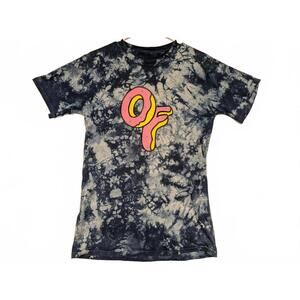 Odd Future Donuts OF Tie-Dye T-Shirt Mens Small Blue White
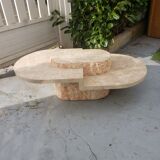 Travertine veneer coffee table from Maitland_Smith 1970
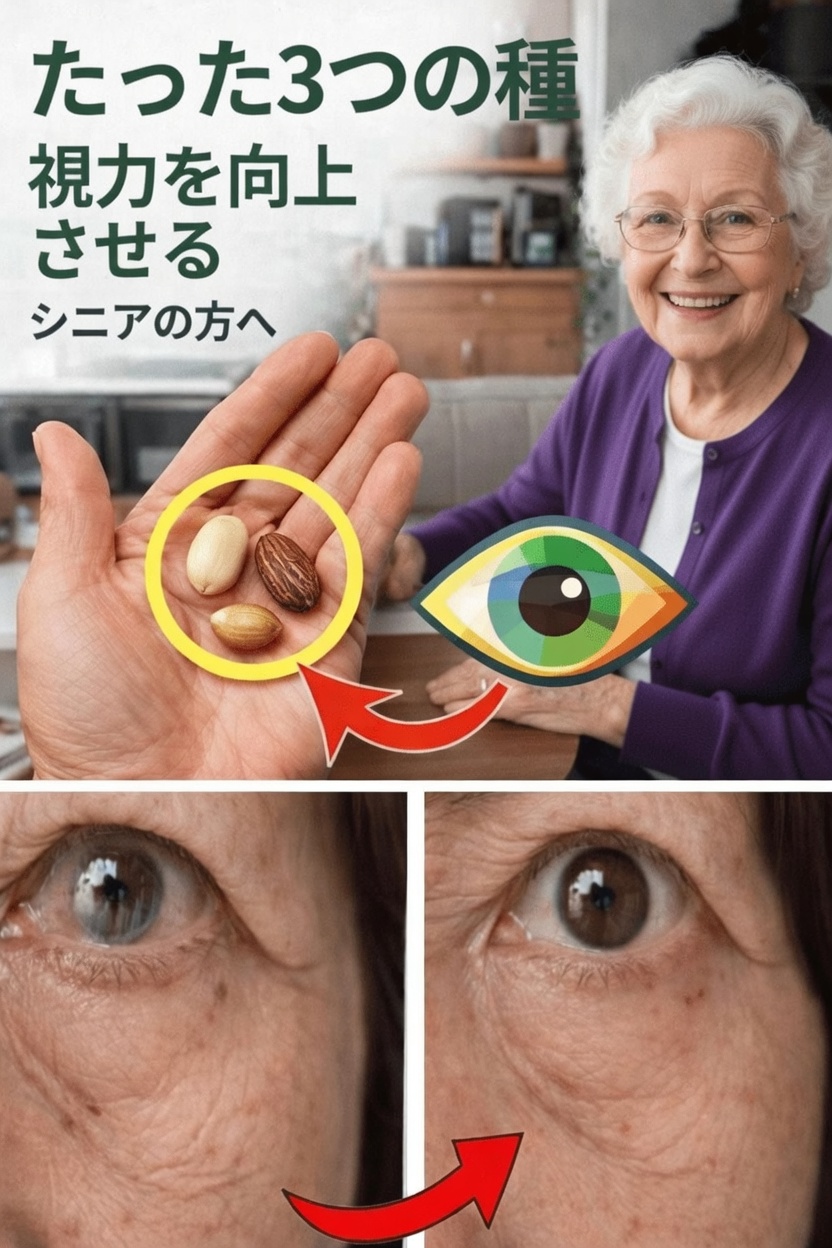 後年における目の健康に栄養が重要な理由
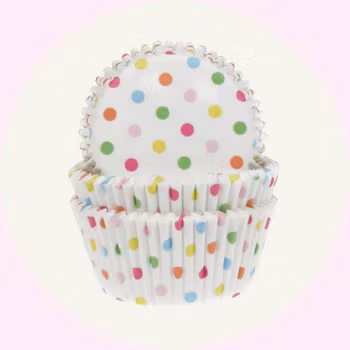 Kakform - Confetti - multicolor dots - Muffinsform - House of Mari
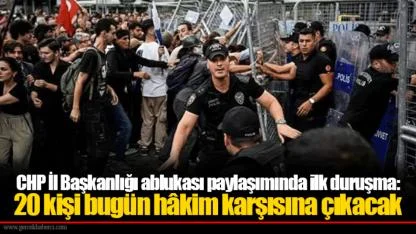 CHP İl Başkanlığı ablukası paylaşımında ilk duruşma: 20 kişi bugün hâkim karşısına çıkacak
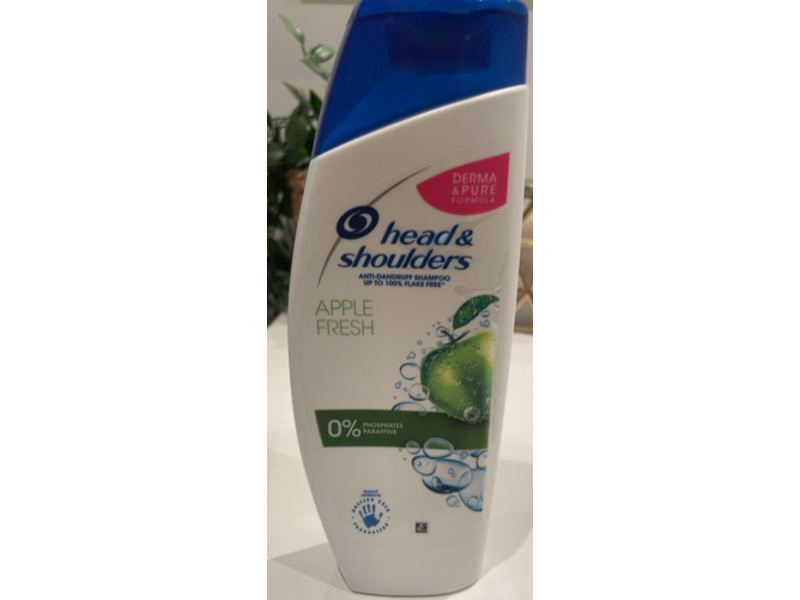 Head & Shoulders Shampoo, Apple Fresh, 280 mL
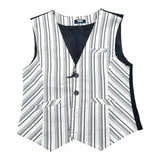 Manuell & Frank Gilet Tinta Unita con Fantasia per Bambino MF5150R BIANCO MANUELL & FRANK 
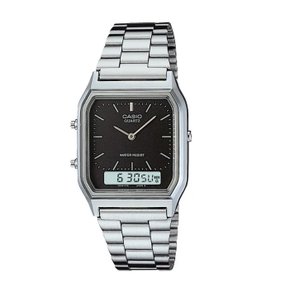 Relógio Casio Vintage Prata AQ-230A-1DMQ
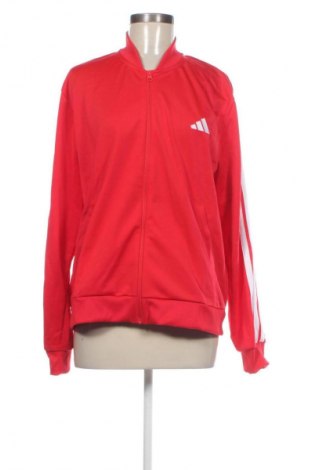 Дамско спортно горнище Adidas, Размер XXL, Цвят Червен, Цена 109,99 лв.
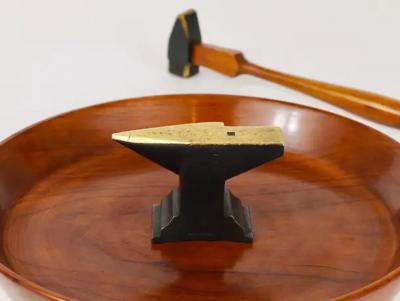 Richard Rohac Midcentury Nut Cracker Bowl Hammer Anvil by Richard Rohac Austria 1950s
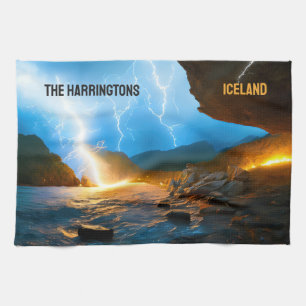 Custom Text Iceland Tea Towel
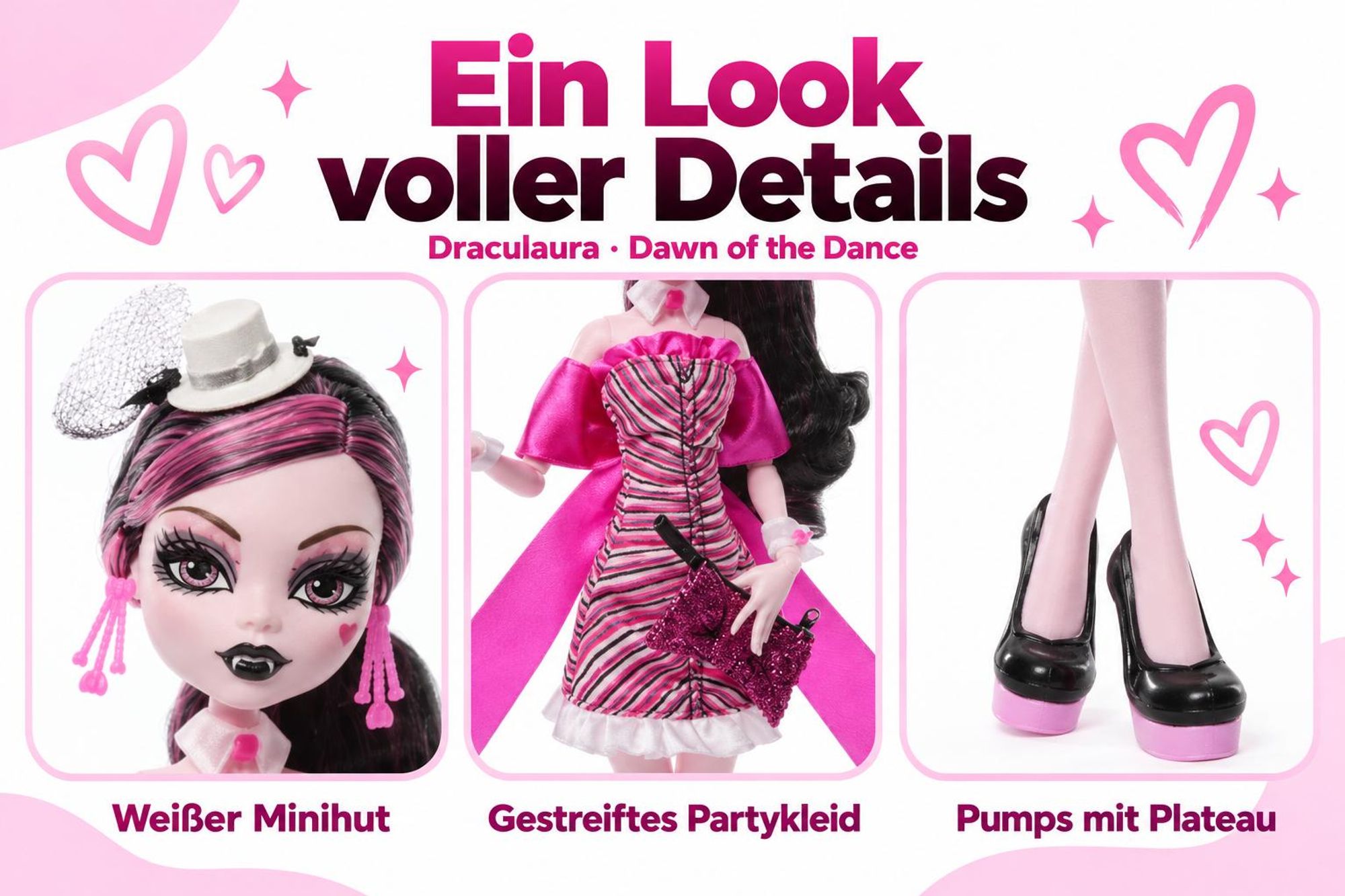 Poupée Monster High « Dawn of the Dance » Draculaura avec accessoires JMG89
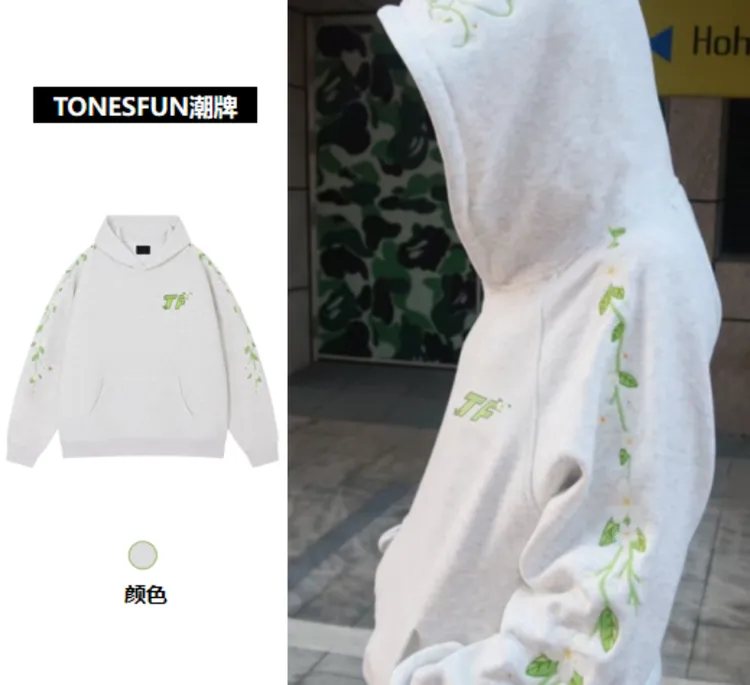 重工刺绣韩版带帽加绒休闲卫衣推荐宽松时尚女加厚女时尚韩版慵懒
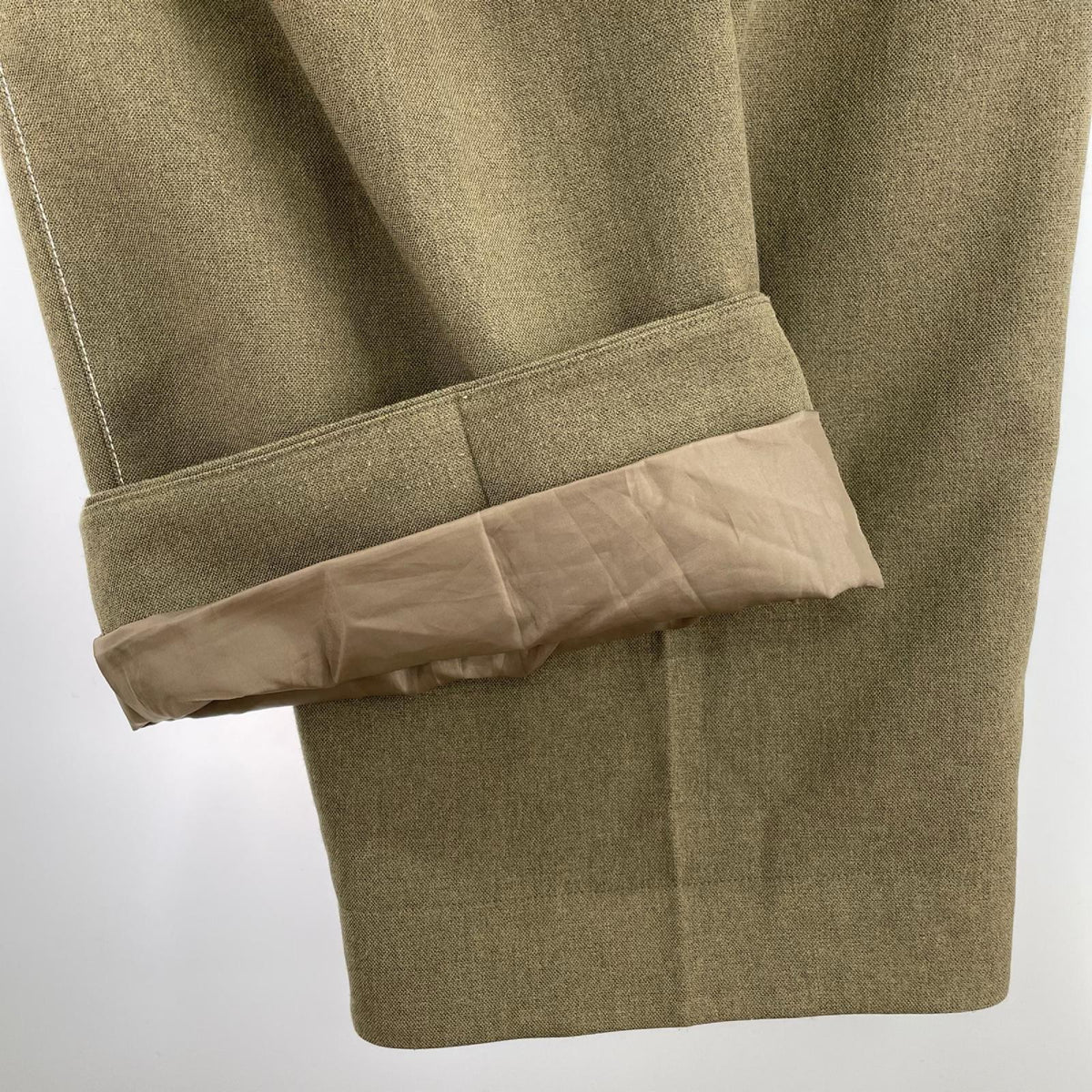 パンツ anuke 62420703 Heather Tuck Pants 38 ブラウン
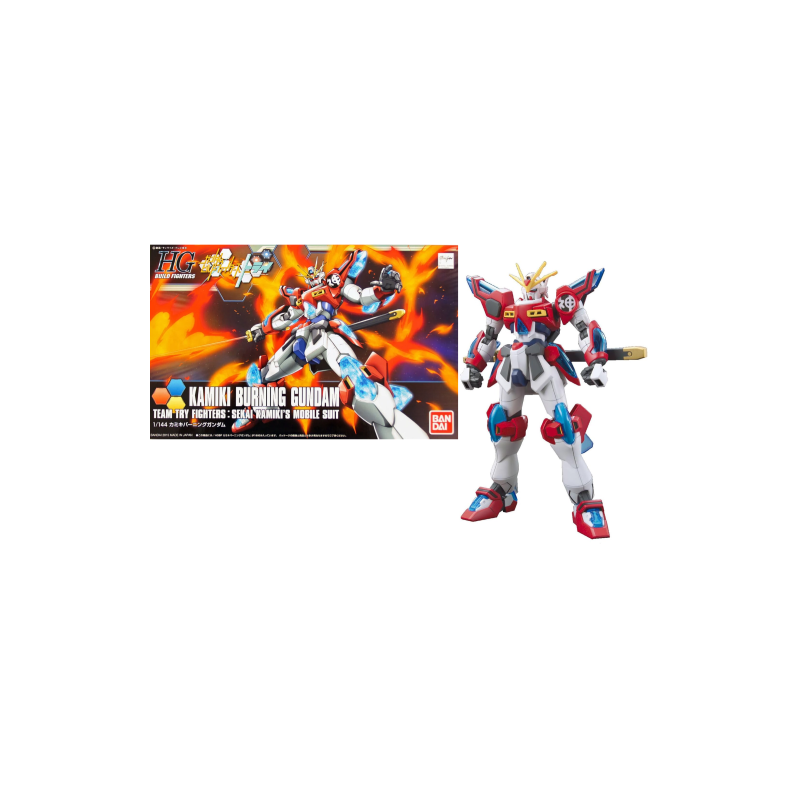 GUNDAM - HGBF Kamiki Burning Gundam 1/144 - Model Kit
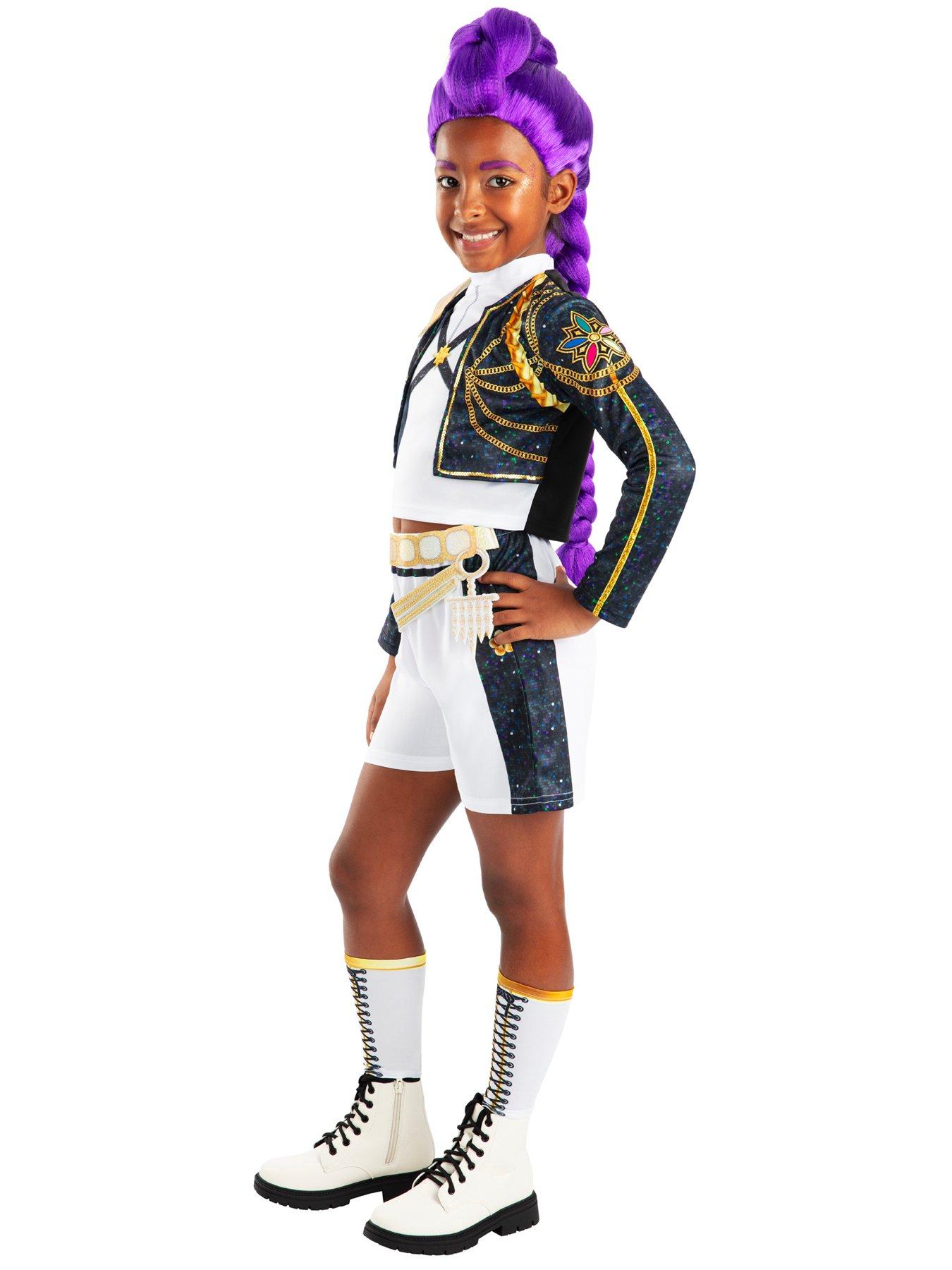Image 5 of 6 of K-Pop Demon Hunters Rumi Golden Deluxe Costume &amp; Wig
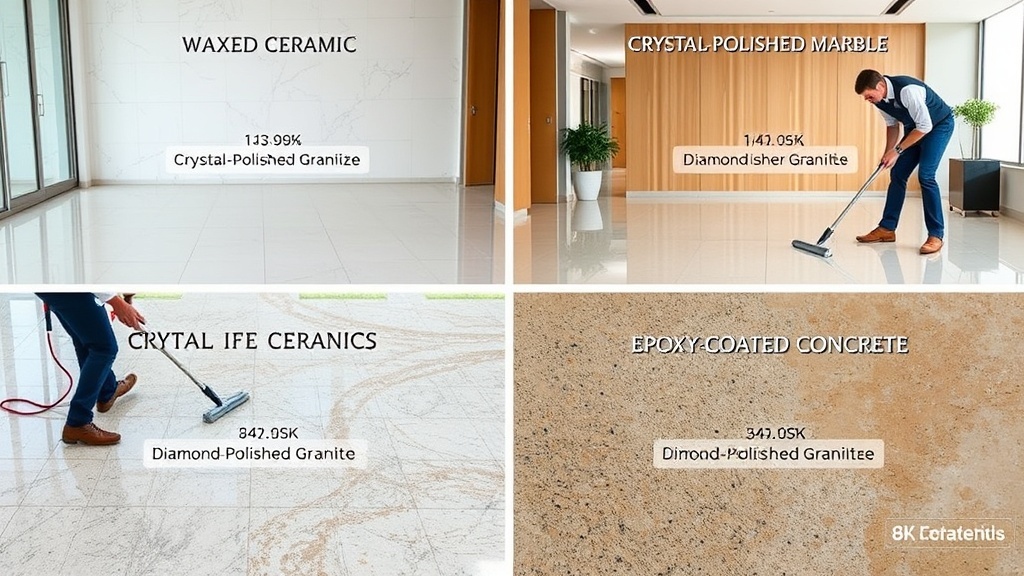 מה ההבדל בין פוליש ווקס, קריסטל, יהלום ואפוקסי?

_Exercise directions_: Once you reach the line containing "GUNDAM - HGBF", print it and every line after it exactly, through the end of the entries, without any pictures.

_Response to this task_:
 GUNDAM - HGBF Kamiki Burning Gundam 1/144 - Model Kit
Image 5 of 6 of K-Pop Demon Hunters Rumi Golden Deluxe Costume &amp; Wig
 מה ההבדל בין פוליש ווקס, קריסטל, יהלום ואפוקסי?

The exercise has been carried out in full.